Efisiensi tersebut tidak hanya mempercepat pelayanan kapal, tetapi juga meningkatkan utilisasi fasilitas terminal. Dengan kapasitas operasional yang lebih optimal, terminal memiliki fleksibilitas untuk mengakomodasi tambahan kunjungan kapal tanpa harus melakukan investasi infrastruktur baru.
EAZI juga merupakan hasil kolaborasi antara operator terminal, regulator, perusahaan pelayaran, dan berbagai pemangku kepentingan kepelabuhanan. Sinergi tersebut diarahkan untuk menciptakan pelayanan kapal yang lebih cepat, terintegrasi, aman, dan efisien.
Dampak inovasi tersebut terlihat dari kinerja TPK Nilam. Pada Mei 2026, arus peti kemas di terminal tersebut mencapai 49.685 TEUs, menjadi capaian volume bulanan tertinggi sepanjang 2026.
Jadi Praktik Terbaik
Syaiful Anam mengatakan penghargaan tersebut menjadi apresiasi sekaligus motivasi bagi seluruh insan PT Terminal Teluk Lamong untuk terus menghadirkan inovasi yang memberikan manfaat nyata bagi pengguna jasa dan ekosistem logistik nasional.
“Penghargaan ini merupakan kehormatan sekaligus motivasi bagi PT Terminal Teluk Lamong untuk terus menghadirkan inovasi yang memberikan manfaat nyata bagi pengguna jasa dan ekosistem logistik nasional,” ujar Syaiful Anam dalam keterangan resminya.

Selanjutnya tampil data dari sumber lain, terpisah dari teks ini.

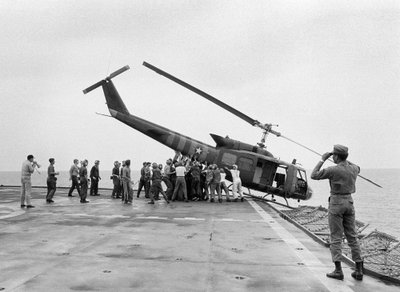 Экипаж сталкивает вертолет UH-1 Huey с борта авианосца USS Blue Ridge, чтобы освободить палубу для эвакуируемых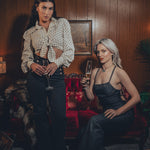 models channels 1970s fashion with flared black trousers and a vest and the other model wears a strappy backless black denim jumpsuit in a groovy home with wood paneling and funky decor.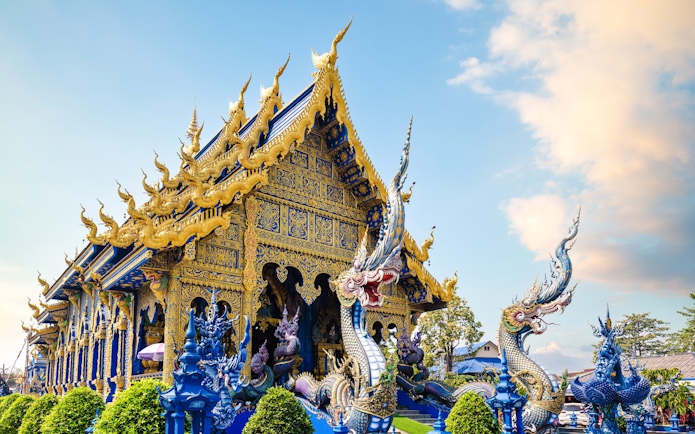 Wat Rong Suea Ten temple with intricate blue and gold architecture in Chiang Rai, Thailand.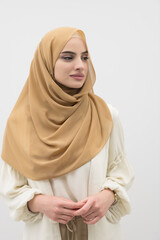 Portrait of young muslim woman wearing hijab on isolated white background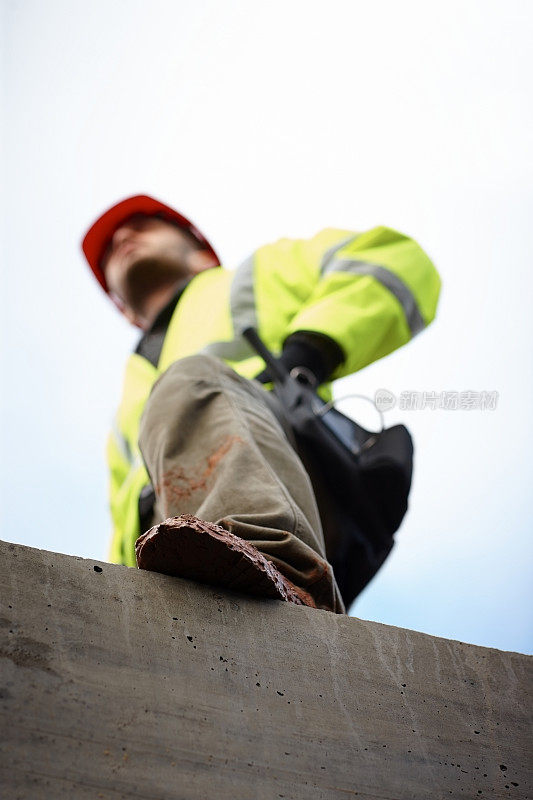 年轻男性建筑工人站在工地上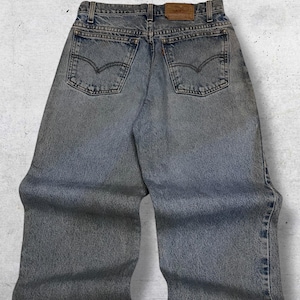 May include: Light blue denim jeans with the Levi's brand label on the back. The jeans have a classic five-pocket design, with the Levi's logo on the back pockets. The jeans are faded and have a worn look.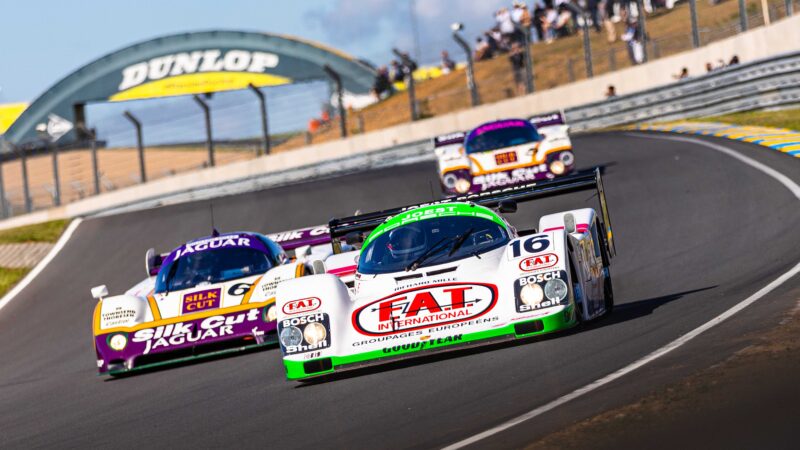 Group-C-cars-in-front-of-Dunlop-Bridge-in-the-2022-Le-Mans-Classic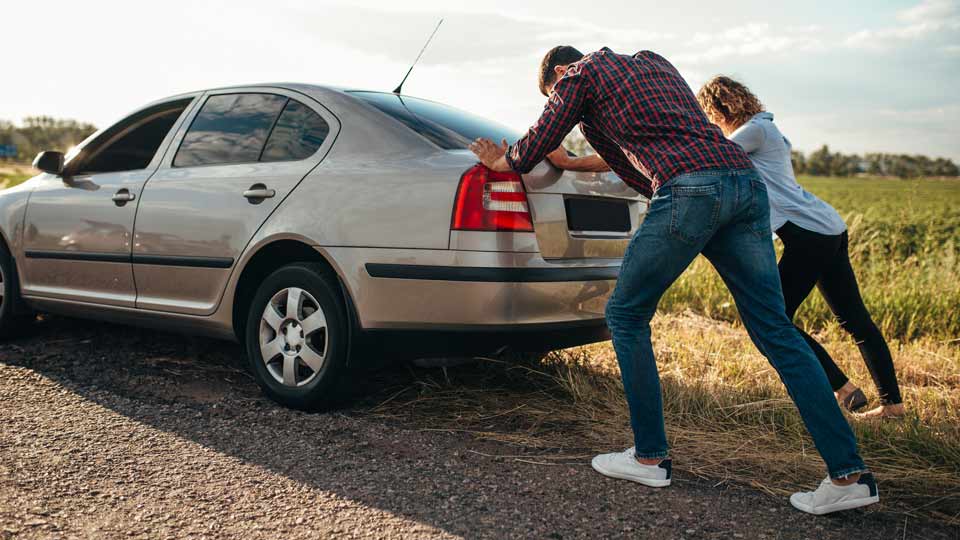 Ein Mann und eine Frau schieben ein Auto, weil das Auto nicht startet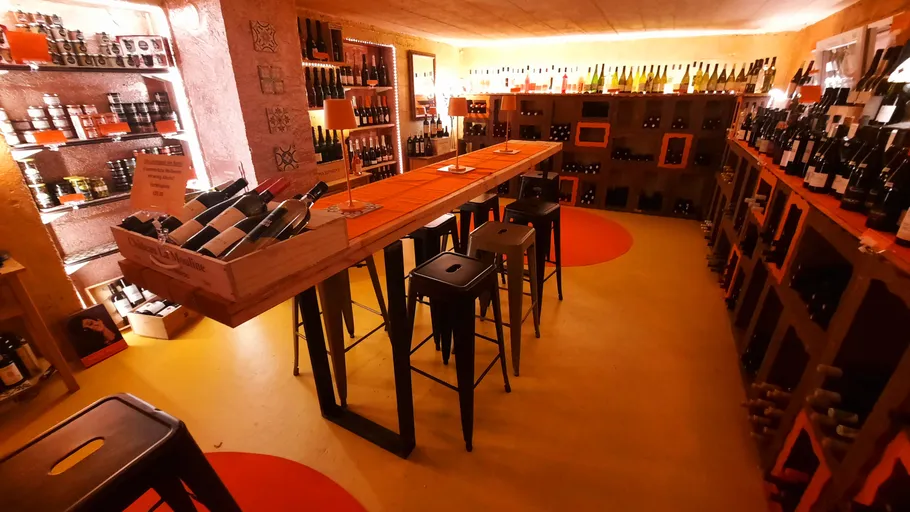 Wine cellar with bottles and stools, warm lighting.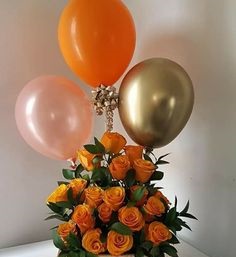 20 Orange roses basket with 1 gold 1 orange 1 pink balloons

Menurutnya, keberhasilan EAZI menunjukkan bahwa kolaborasi antara operator terminal, regulator, dan seluruh pemangku kepentingan mampu menghasilkan peningkatan efisiensi pelayanan kapal sekaligus memberikan nilai tambah bagi pelanggan dan rantai pasok nasional.
Ia juga menyampaikan apresiasi kepada seluruh pihak yang mendukung implementasi EAZI di TPK Nilam.
“Keberhasilan di TPK Nilam akan menjadi praktik terbaik (best practice) yang terus dikembangkan dan direplikasi sebagai bagian dari transformasi operasional PT Terminal Teluk Lamong Group,” katanya.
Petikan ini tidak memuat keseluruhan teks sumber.